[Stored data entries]
##########

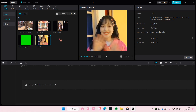Hey guys and welcome back to this channel. In this video I'll be showing you guys how you can add makeup to someone's face on CapCut PC. I'm not saying she needs makeup — she's pretty — but this is just an example. So let's get started with the video.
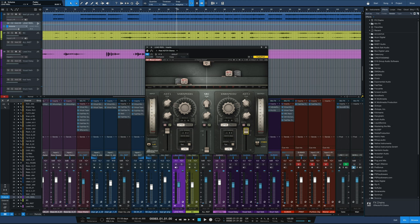So there it is. Really easy way, with a very inexpensive plugin, to get some width to your guitar parts, particularly mono guitar parts and guitar solos.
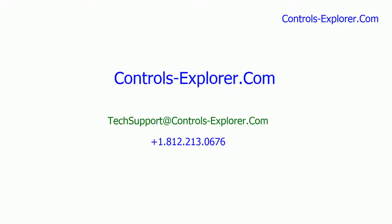Thank you for watching this video. If you have any questions, please do write to us. Tech support at controls-explorer.com, and we would be more than happy to work with you. Thanks again. Bye now.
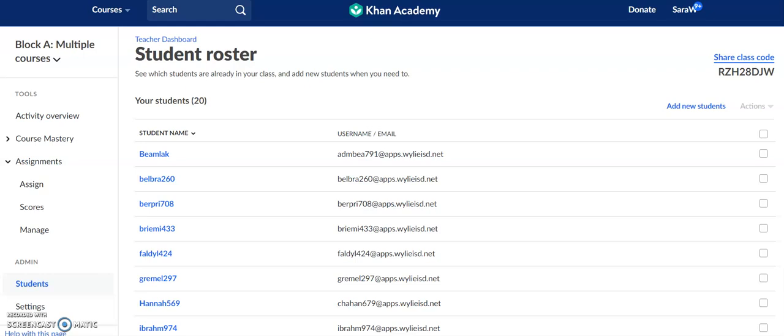Hey everybody, welcome back. I wanted to show you another way that you can add students to your Khan Academy classroom.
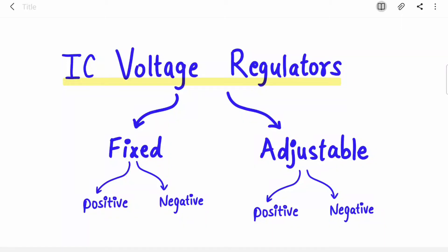Welcome back to my channel. In this video we are going to cover IC voltage regulators. This is one of the most important topics in linear integrated circuits, or op-amp. In exams you will get at least one question from this topic — they will ask you to explain what is a voltage regulator, what are types of voltage regulators, what are their performance parameters, or they will ask you to draw the pin diagram of 7805.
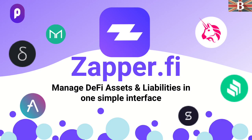In this video, I'm going to take you through the Portfolio Tracker and Liquidity Investment Tool, Zapper.fi.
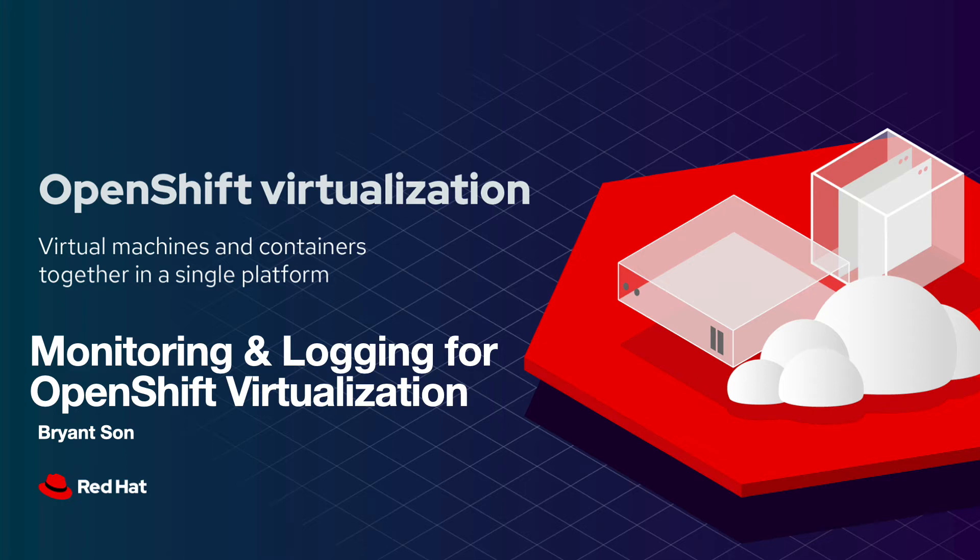Hello everyone! You're going to learn about OpenShift virtualization in this video series. In this section particularly, you're going to learn about monitoring and logging for OpenShift virtualization.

##########

• _Exercise goal_
Set down exactly the lines from the start of the records through the line containing "In this video, I'm", both included, and omit the pictures.

• _Exercise answer_
Hey guys and welcome back to this channel. In this video I'll be showing you guys how you can add makeup to someone's face on CapCut PC. I'm not saying she needs makeup — she's pretty — but this is just an example. So let's get started with the video.
So there it is. Really easy way, with a very inexpensive plugin, to get some width to your guitar parts, particularly mono guitar parts and guitar solos.
Thank you for watching this video. If you have any questions, please do write to us. Tech support at controls-explorer.com, and we would be more than happy to work with you. Thanks again. Bye now.
Hey everybody, welcome back. I wanted to show you another way that you can add students to your Khan Academy classroom.
Welcome back to my channel. In this video we are going to cover IC voltage regulators. This is one of the most important topics in linear integrated circuits, or op-amp. In exams you will get at least one question from this topic — they will ask you to explain what is a voltage regulator, what are types of voltage regulators, what are their performance parameters, or they will ask you to draw the pin diagram of 7805.
In this video, I'm going to take you through the Portfolio Tracker and Liquidity Investment Tool, Zapper.fi.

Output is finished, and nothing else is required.